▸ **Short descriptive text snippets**
• • • • • • •

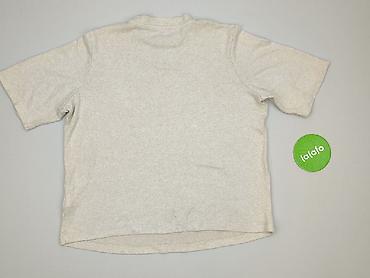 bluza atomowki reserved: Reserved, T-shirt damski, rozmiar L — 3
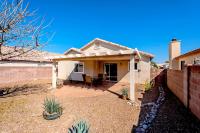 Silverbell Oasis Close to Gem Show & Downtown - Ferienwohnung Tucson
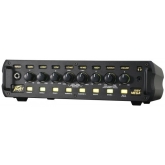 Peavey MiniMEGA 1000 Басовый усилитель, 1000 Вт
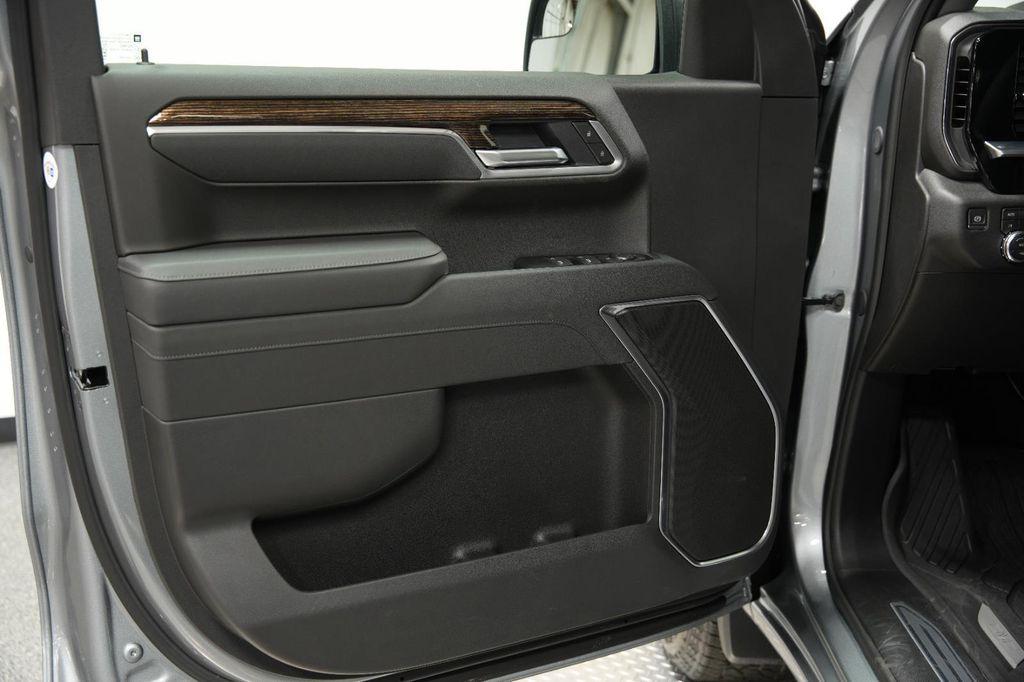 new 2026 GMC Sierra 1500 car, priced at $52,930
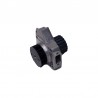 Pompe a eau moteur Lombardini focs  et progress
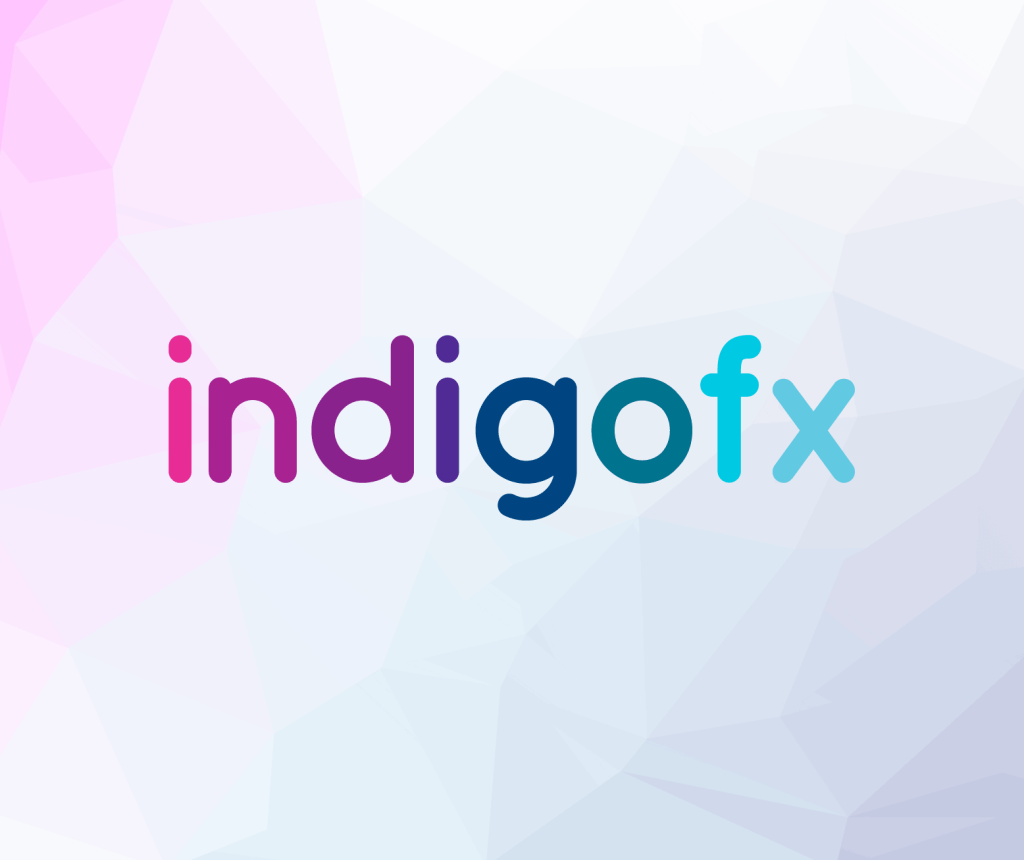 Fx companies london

• • • • • • •

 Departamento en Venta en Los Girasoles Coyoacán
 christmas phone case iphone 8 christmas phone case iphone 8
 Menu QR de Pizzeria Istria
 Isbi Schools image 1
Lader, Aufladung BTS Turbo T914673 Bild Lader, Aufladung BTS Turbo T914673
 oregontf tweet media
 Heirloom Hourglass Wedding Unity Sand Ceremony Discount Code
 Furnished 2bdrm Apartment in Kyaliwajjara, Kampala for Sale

• • • • • • •

▸ **PROBLEM TO SOLVE**
Repeat, without pictures, exactly the lines of the data above from the one containing "bluza atomowki reserved: Reserved, T-shirt" through the one containing "Fx companies london", including both and adding nothing.

▸ **EXERCISE RESPONSE**
 bluza atomowki reserved: Reserved, T-shirt damski, rozmiar L — 3
 Silverbell Oasis Close to Gem Show & Downtown - Ferienwohnung Tucson
 Peavey MiniMEGA 1000 Басовый усилитель, 1000 Вт
 new 2026 GMC Sierra 1500 car, priced at $52,930
 Pompe a eau moteur Lombardini focs  et progress
 Fx companies london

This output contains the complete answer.